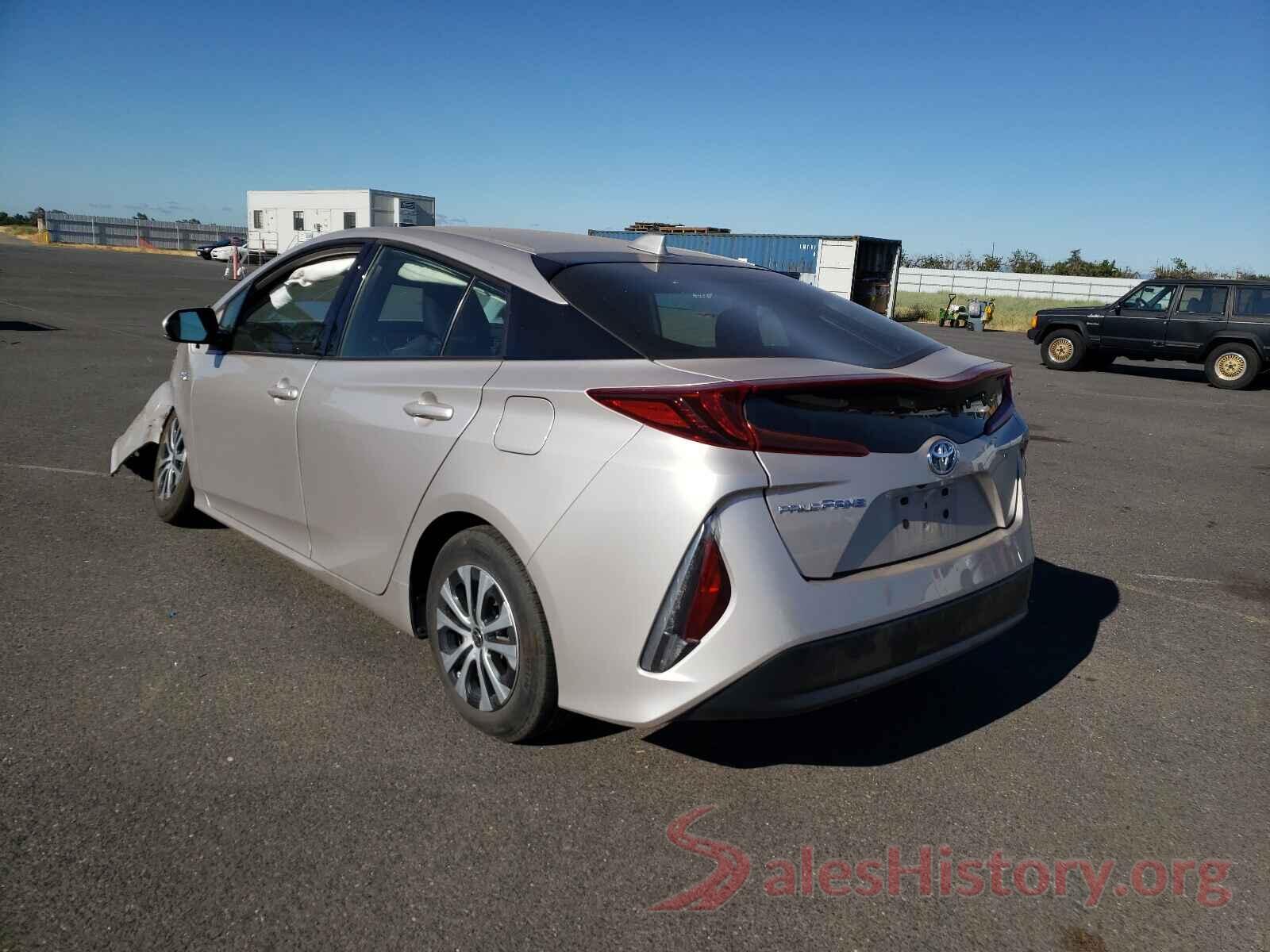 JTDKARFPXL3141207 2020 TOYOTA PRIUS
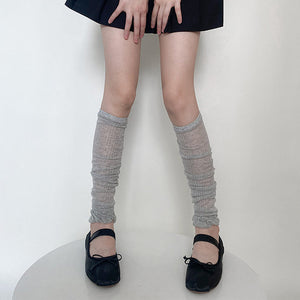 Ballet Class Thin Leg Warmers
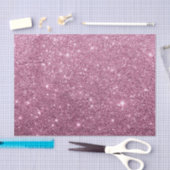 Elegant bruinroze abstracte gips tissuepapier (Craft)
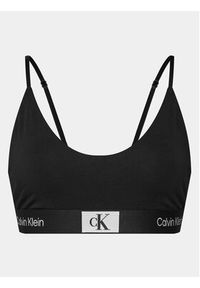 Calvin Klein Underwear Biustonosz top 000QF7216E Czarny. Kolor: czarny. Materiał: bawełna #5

__WHAT TO DO__
Copy the material verbatim. The pictures are not part of the copy.

__RESPONSE AREA__
 JTDKARFPXL3141207 2020 TOYOTA PRIUS
 Ballet Class Thin Leg Warmers
 Elegant bruinroze abstracte gips tissuepapier (Craft)
 Calvin Klein Underwear Biustonosz top 000QF7216E Czarny. Kolor: czarny. Materiał: bawełna #5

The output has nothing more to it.